■ INPUT DATA:
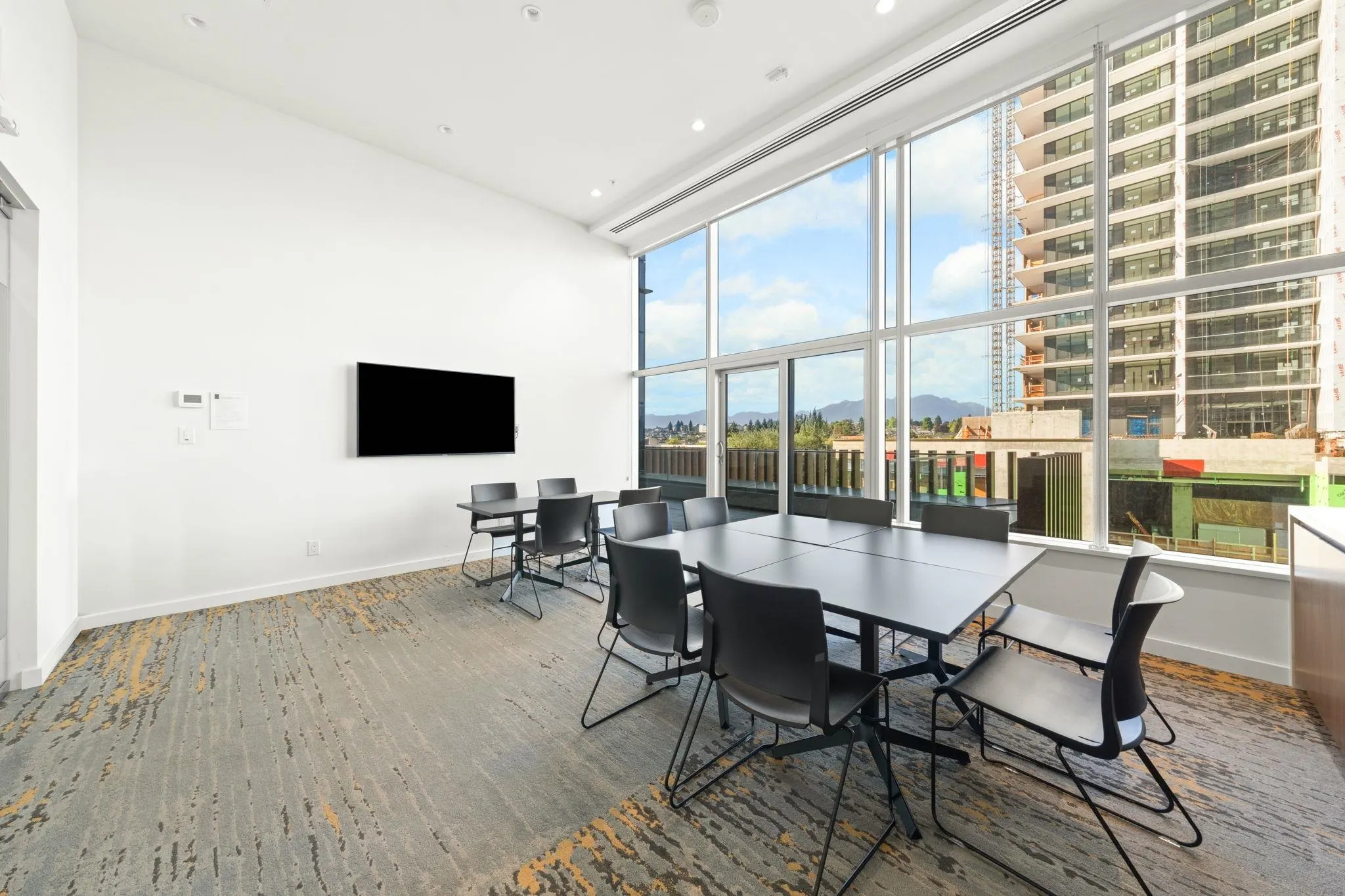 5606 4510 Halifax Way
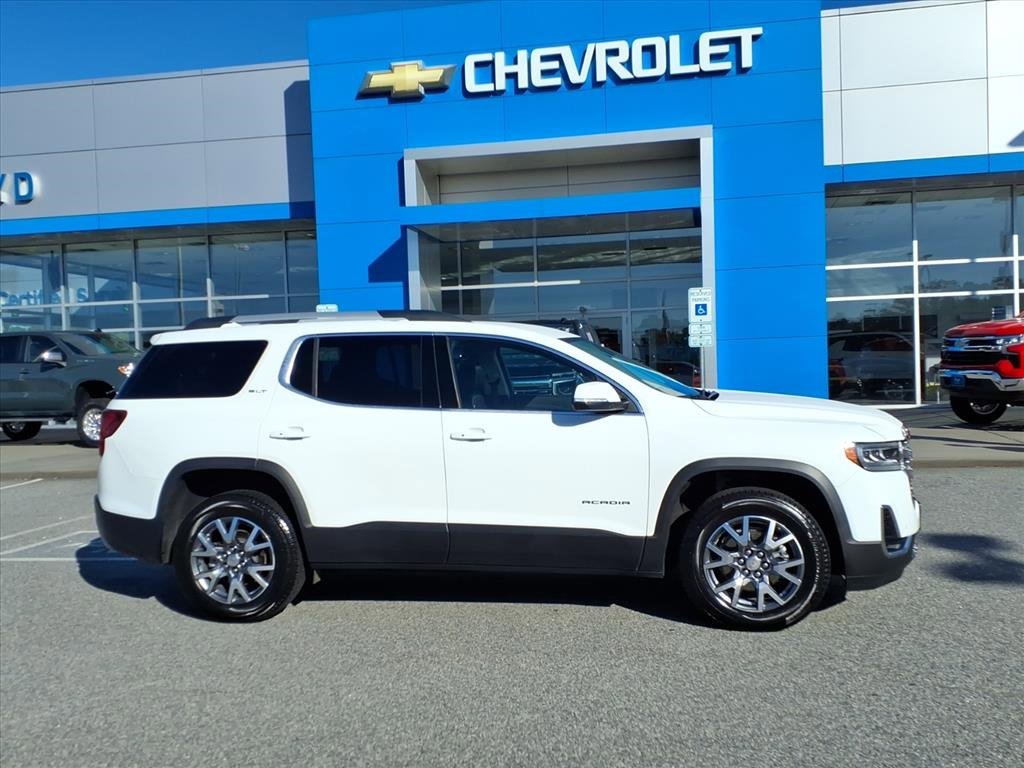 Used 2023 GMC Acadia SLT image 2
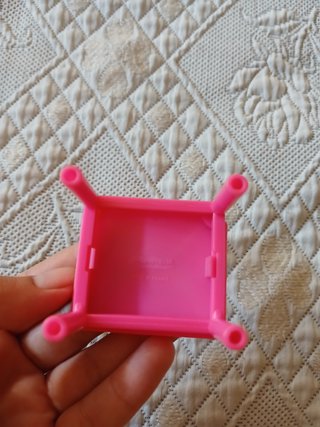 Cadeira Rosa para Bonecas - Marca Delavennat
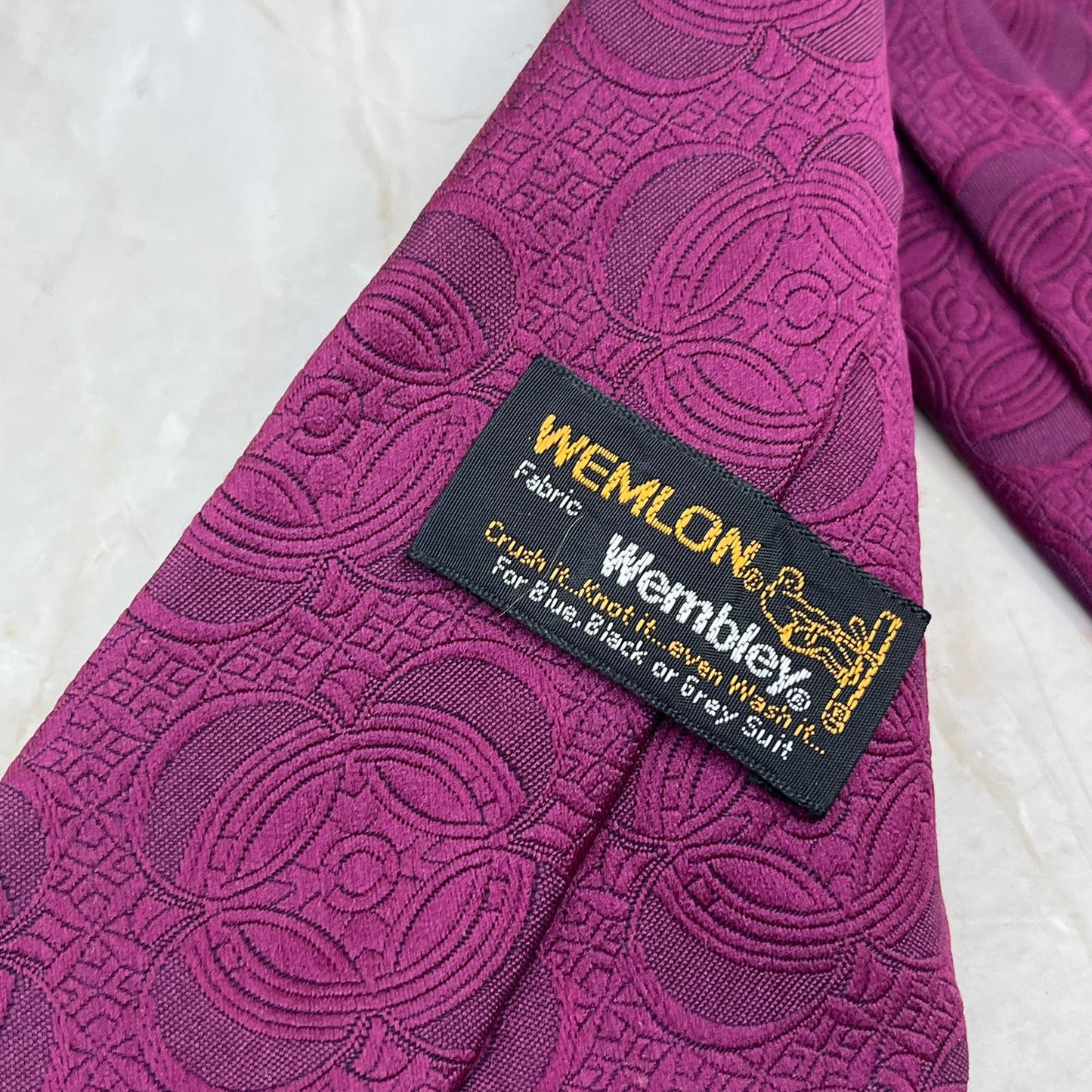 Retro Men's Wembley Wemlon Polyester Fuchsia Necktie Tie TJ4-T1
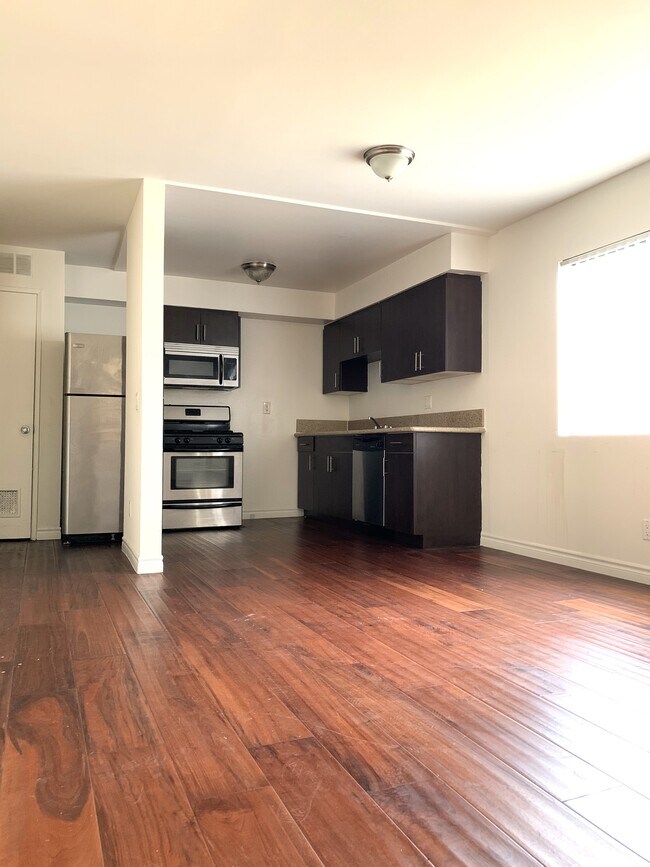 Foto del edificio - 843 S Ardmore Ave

■ YOUR TASK: Nothing but the lines from the line containing "Retro Men's Wembley" through the last line of the material may be output, and they must be copied exactly, without pictures.

■ REPLY TO THE TASK:
 Retro Men's Wembley Wemlon Polyester Fuchsia Necktie Tie TJ4-T1
 Foto del edificio - 843 S Ardmore Ave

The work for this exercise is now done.